#### INFORMATION SHOWN:
Segment Open
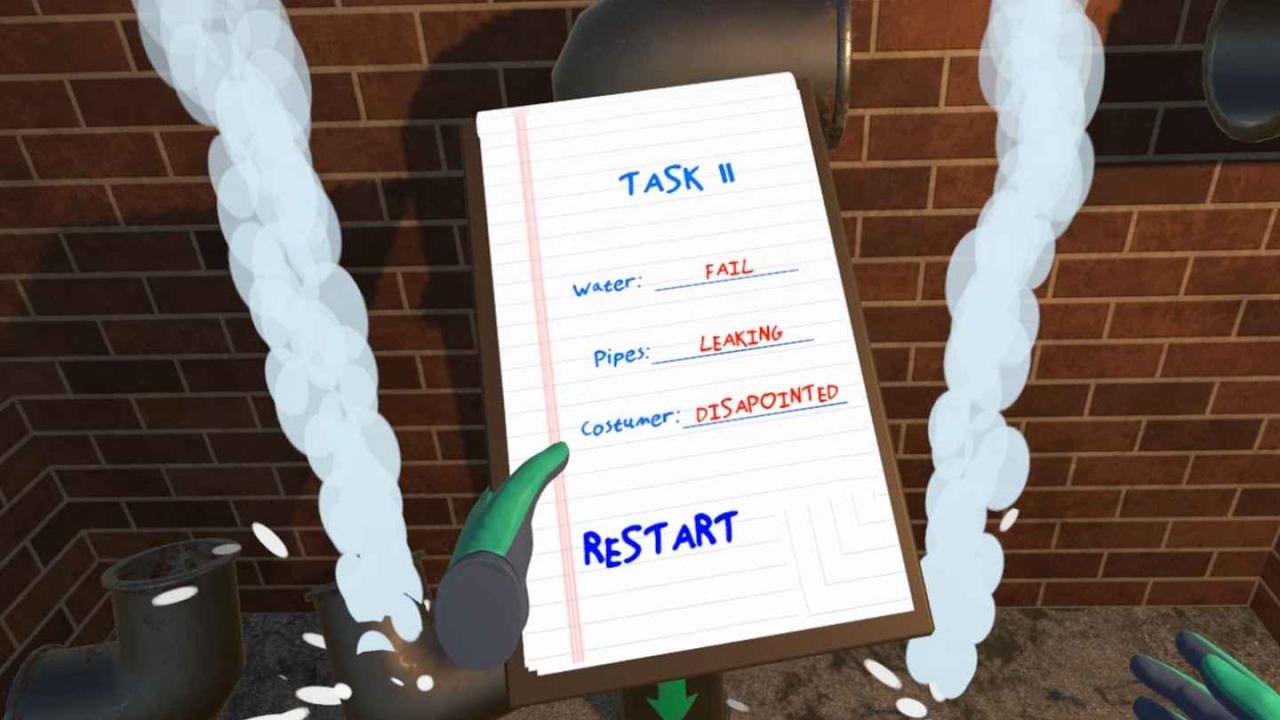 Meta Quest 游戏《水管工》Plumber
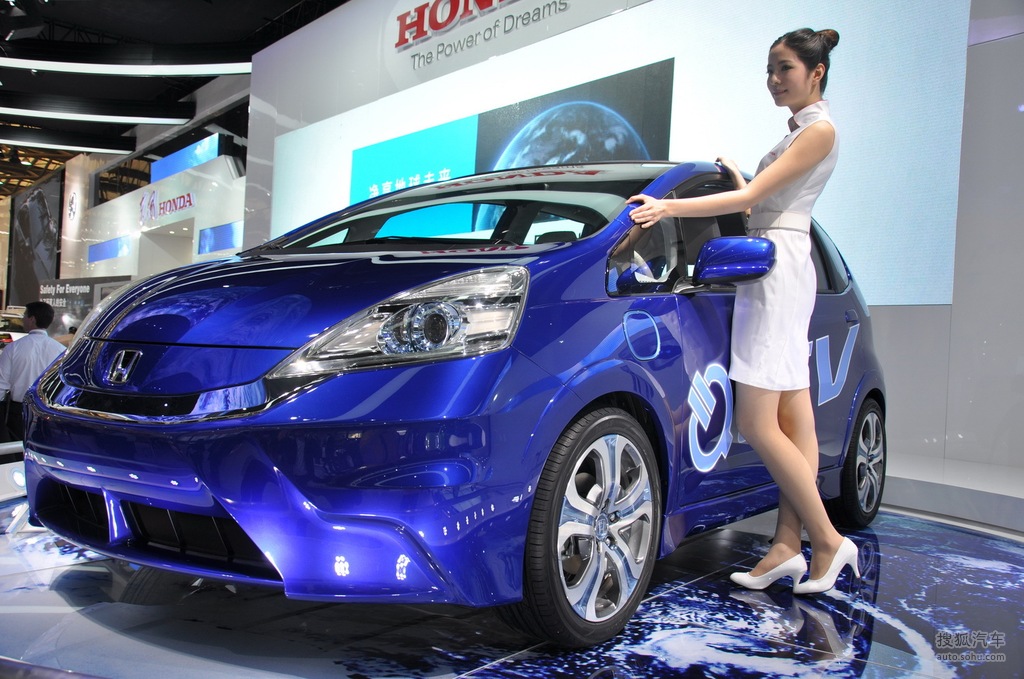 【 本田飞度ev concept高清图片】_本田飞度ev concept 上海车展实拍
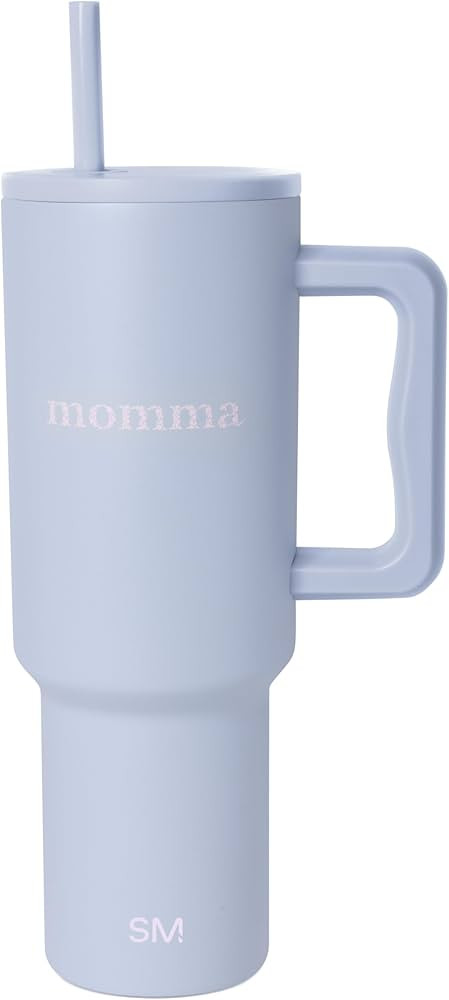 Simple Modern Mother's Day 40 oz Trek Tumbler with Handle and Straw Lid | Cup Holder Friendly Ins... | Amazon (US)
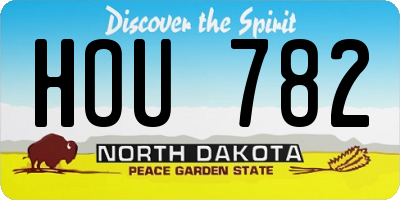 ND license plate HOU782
Segment Closed
#### THE PROBLEM:
Go through the listing and restate each line word for word, leaving out the pictures.

#### SOLVED PROBLEM:
 Meta Quest 游戏《水管工》Plumber
 【 本田飞度ev concept高清图片】_本田飞度ev concept 上海车展实拍
 Simple Modern Mother's Day 40 oz Trek Tumbler with Handle and Straw Lid | Cup Holder Friendly Ins... | Amazon (US)
 ND license plate HOU782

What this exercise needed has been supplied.